Nimbic
- Type: Private
- Industry: EDA Software
- Founded: Bellevue, Washington (2006)
- Fate: Acquired by Mentor Graphics, which was later acquired by Siemens
- Headquarters: Mountain View, California, United States

= Nimbic =

Nimbic, Inc. (formerly Physware) was a company that developed electronic design automation (EDA) software. The company was founded in 2006 and was headquartered in Mountain View, California, United States.

Nimbic offered high speed 3D electromagnetic simulation solutions for signal integrity (SI), power integrity (PI), integrity to electromagnetic interference (EMI) and Simultaneous Switching Noise/Simultaneous Switching Output (SSN/SSO) Integrity. They also offered secure Cloud Computing solutions for electronic design.

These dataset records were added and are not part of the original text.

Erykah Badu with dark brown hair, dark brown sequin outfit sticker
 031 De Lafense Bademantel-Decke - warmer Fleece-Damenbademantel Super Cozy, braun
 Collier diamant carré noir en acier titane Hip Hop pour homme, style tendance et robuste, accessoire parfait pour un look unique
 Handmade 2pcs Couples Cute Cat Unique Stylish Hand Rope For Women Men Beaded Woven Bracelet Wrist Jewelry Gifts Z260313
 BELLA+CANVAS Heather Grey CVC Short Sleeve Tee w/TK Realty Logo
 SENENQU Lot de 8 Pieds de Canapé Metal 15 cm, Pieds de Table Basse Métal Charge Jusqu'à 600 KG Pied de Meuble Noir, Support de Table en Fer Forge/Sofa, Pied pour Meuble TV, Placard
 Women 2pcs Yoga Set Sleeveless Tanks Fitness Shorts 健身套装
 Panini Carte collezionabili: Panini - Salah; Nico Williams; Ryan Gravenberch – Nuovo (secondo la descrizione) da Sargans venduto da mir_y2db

In May 2014 Nimbic was acquired by Mentor Graphics, which was in turn acquired in 2017 by Siemens and rebranded Siemens EDA.

== Portfolio ==

Nimbic develops 3D broadband electromagnetic field extractors and simulators for signal integrity, power integrity, EMI Analysis and SSN/SSO Analysis. Their product range includes:

- nWave
- nApex
- nVolt
- nCloud

== History ==
Nimbic (formerly Physware) was founded in December 2006 by Dr. Vikram Jandhyala.

In May 2010, Physware was named "2010 Cool Vendor in Semiconductors" by Gartner.

Nimbiic was acquired by Mentor Graphics in 2014.